DATA SUPPLIED:
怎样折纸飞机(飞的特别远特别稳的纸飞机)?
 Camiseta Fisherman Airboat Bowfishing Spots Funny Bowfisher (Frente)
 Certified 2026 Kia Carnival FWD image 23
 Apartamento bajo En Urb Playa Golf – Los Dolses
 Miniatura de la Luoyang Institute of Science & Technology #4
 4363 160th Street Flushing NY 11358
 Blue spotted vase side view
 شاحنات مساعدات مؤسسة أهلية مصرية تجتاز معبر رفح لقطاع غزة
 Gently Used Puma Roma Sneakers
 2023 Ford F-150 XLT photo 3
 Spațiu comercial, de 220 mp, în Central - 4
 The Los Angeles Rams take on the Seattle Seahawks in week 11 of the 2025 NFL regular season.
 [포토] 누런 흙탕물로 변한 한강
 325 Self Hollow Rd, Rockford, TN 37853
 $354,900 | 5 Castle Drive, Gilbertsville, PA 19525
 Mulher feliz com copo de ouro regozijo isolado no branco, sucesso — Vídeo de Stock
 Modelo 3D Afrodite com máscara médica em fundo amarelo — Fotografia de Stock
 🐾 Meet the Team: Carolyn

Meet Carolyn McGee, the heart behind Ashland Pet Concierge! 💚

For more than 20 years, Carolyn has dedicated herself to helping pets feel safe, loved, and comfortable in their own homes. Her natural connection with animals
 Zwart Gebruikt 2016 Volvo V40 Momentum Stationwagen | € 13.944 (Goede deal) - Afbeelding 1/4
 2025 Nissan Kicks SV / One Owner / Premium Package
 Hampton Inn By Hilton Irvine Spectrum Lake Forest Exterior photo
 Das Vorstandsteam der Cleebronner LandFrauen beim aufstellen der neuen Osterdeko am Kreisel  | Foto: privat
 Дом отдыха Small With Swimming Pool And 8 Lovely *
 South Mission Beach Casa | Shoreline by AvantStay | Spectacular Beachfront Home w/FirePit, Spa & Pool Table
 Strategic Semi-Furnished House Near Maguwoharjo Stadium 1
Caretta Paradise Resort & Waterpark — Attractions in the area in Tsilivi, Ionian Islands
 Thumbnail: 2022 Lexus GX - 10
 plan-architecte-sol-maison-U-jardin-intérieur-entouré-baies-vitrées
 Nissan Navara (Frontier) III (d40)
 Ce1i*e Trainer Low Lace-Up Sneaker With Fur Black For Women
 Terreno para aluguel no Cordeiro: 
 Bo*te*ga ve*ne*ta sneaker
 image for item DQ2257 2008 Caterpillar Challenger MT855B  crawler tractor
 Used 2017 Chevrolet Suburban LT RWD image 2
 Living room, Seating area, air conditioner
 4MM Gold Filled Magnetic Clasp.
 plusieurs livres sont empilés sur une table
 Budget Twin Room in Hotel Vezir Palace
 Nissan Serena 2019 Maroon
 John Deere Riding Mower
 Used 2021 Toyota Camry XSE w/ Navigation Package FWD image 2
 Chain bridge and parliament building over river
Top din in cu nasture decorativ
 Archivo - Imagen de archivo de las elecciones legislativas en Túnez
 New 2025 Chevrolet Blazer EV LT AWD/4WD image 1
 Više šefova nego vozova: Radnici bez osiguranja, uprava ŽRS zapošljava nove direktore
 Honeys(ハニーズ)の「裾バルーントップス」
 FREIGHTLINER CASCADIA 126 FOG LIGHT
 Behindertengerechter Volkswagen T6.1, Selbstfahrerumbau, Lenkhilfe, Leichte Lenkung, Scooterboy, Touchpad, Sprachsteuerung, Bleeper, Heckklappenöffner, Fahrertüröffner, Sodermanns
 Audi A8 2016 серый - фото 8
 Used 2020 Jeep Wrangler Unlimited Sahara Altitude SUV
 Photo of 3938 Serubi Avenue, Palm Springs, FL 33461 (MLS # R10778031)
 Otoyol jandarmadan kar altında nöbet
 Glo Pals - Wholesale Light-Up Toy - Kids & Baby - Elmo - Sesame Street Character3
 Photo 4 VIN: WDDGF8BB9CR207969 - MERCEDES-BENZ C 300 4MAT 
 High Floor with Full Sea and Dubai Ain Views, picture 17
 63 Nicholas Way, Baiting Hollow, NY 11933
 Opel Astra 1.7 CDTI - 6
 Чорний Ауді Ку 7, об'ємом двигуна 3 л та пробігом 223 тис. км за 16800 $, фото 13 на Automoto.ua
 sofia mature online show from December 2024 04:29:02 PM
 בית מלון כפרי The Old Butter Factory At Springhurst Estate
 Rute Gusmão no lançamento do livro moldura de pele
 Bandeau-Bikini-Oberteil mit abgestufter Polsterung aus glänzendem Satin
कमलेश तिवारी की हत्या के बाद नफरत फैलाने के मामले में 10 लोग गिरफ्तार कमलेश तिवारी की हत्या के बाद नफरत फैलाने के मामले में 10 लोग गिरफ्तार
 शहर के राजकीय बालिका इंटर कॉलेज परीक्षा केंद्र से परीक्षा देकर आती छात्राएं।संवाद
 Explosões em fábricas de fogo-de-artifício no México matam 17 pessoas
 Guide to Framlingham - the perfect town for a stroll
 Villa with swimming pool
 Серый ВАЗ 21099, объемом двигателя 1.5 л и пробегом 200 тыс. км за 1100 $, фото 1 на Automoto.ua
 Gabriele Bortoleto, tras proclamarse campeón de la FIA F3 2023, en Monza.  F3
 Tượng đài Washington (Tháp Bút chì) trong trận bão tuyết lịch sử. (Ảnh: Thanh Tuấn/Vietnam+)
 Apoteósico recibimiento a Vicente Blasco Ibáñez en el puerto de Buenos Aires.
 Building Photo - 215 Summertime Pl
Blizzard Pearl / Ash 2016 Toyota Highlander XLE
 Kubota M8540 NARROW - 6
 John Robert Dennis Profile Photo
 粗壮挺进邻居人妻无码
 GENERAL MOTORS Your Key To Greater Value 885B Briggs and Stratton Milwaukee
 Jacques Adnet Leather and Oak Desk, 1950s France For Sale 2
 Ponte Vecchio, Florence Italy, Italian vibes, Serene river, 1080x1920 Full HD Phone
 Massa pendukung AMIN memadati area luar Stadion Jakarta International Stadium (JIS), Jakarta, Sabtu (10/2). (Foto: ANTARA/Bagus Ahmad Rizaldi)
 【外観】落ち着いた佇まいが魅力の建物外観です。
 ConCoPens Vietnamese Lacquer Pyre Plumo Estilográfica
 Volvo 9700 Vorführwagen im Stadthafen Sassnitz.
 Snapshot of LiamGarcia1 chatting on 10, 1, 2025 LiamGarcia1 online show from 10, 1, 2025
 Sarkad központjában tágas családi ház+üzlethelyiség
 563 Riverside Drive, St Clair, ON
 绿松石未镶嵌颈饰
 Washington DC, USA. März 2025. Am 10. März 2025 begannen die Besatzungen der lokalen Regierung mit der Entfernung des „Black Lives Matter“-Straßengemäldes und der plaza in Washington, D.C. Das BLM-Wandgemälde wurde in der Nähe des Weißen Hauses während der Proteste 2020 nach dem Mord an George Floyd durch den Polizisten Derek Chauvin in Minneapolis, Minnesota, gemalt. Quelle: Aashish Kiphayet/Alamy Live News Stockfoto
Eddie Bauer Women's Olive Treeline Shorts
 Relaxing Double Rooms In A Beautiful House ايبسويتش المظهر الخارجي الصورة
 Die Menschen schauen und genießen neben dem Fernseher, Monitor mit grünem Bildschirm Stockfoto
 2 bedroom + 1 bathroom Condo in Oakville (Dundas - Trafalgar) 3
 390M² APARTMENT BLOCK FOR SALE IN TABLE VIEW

WHAT THIS TASK INVOLVES: Copy every line of the listing where the word "Street" appears.

SOLUTION FOR THIS EXERCISE:
 4363 160th Street Flushing NY 11358
 Glo Pals - Wholesale Light-Up Toy - Kids & Baby - Elmo - Sesame Street Character3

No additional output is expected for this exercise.